Tuesday, August 27, 2024

Bee. Leaf.













Between 1963 and 1966, things sucked for the Hertz Rental Car company. 

Their marketshare had been at 61% in 1963. 

By 1966, they had lost 12-points. More than 20% of their share.

Worse, they had a competitor that had momentum. Avis had grown from a 29% share in 1963 to a 36% share in 1966--roughly a 25% gain. Hertz's own forecasts predicted that by 1968, Avis' marketshare would surpass Hertz', 43% to 42%.

I've been making my living in ad agencies for over 40 years. I've seldom had a shittier hand dealt to me than the Hertz scenario. Avis was "cool." Their ads were done by the best agency in the world. Avis pulled off a neat trick. While they were gaining huge amounts of marketshare, they kept their position as the underdog--the one everyone rooted for.

It was gauche in those days to NOT rent from Avis.

Yesterday I wrote a post about believing in the power of what we can do: the power of the power of advertising. 

I used an old Hertz commercial to help illustrate my point.

My point was that step one in doing great advertising--business-results-impacting advertising--is to believe that you can do such advertising and that such advertising can make a palpable difference in the fates and fortunes of clients (and agencies.)

The Hertz advertising above, I'd argue, is not, in the parlance of today, very creative. There's not a joke, a pun, a bit of popular culture, a celebrity or a design fillip to be seen.

Just facts.

There were no planners at Carl Ally (Hertz's agency) when I was there in the 1990s. There were certainly none during its glory years from roughly 1962-1985.

But someone said, and many believed, "let's look at the product. Let's look at the facts. Let's look at what makes Hertz actually better. And lets write and art-direct the shit out of that."

Let's believe, in a sense, David Ogilvy's gendered line, "The consumer isn't a moron; she's your wife."

In other words, if you can show that your product is superior, let's assume most people will choose superiority.

Facts, attitude, bluntness and a brilliant icon (the #1 finger) reversed the momentum for Hertz and Avis. 

That's what advertising can do.

Ah, but I hear you say, Hertz had it easy. Their product was better.

No, not really. 

They were just bigger. 

They turned that into a better.

I'm not sure marketers think like this anymore.

To the detriment of their success, their brands, and their agencies. And their careers.

So, every ad looks the same. Sounds the same. A tale of sound and fury, told by an idiot, signifying nothing.

That's us.

We make an excuse not to work to find something interesting. We talk about story telling, but we forget to tell stories. Or to make them real. Or to base them on facts, humanity and feeling.

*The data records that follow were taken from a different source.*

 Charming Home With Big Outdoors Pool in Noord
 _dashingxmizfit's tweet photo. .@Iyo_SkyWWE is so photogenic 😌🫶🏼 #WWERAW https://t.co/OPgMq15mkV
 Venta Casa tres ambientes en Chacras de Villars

Nothing new here either. In fact, old. Imagine being given a brief that said "Hovis bread has wheat germ." Well, bust my buttons.

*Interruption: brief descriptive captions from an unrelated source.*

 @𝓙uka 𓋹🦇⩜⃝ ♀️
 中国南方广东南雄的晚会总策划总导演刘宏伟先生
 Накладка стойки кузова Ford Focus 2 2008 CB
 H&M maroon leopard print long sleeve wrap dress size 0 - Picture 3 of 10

We forget that before you sell a product, you have to believe in that product. No really, believe in it.

Believe in. Live it. Breathe it. Try it. Buy it. Become an ambassador for it.

Not saying, "no one cares." Or, "no one reads." Or, "they're all the same." "Or, we'll use data." Or AI. Or programmatic. Or social. Or bots.

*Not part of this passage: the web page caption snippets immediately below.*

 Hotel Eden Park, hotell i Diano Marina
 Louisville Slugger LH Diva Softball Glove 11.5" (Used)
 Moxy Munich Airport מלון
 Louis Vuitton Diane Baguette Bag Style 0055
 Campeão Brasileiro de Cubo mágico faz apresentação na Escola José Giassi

When you raise kids in the city you have to use advertising. 

You have to somehow, against hordes of bribing investment bankers, get your kids into private schools. 

They have the money to donate wings and gymnasia.
You have to advertise.

There are many more kids than spaces. The competition is fiercer than anything you'd face on Wall Street. And the stakes are higher. 

They're about your kid. Giving your kid a chance to make it.

I would never in a trillion times a trillion years say any of the things people say about the brands they work for about my own children. 

I'd never say, "they're parity kids--they're no better than anyone else's." Or, "no one cares." Or, "the only thing I can do is make my daughter a part of popular culture." (Whatever in god's name that means.

No. 

I'd dig and find a way to express how great they are. 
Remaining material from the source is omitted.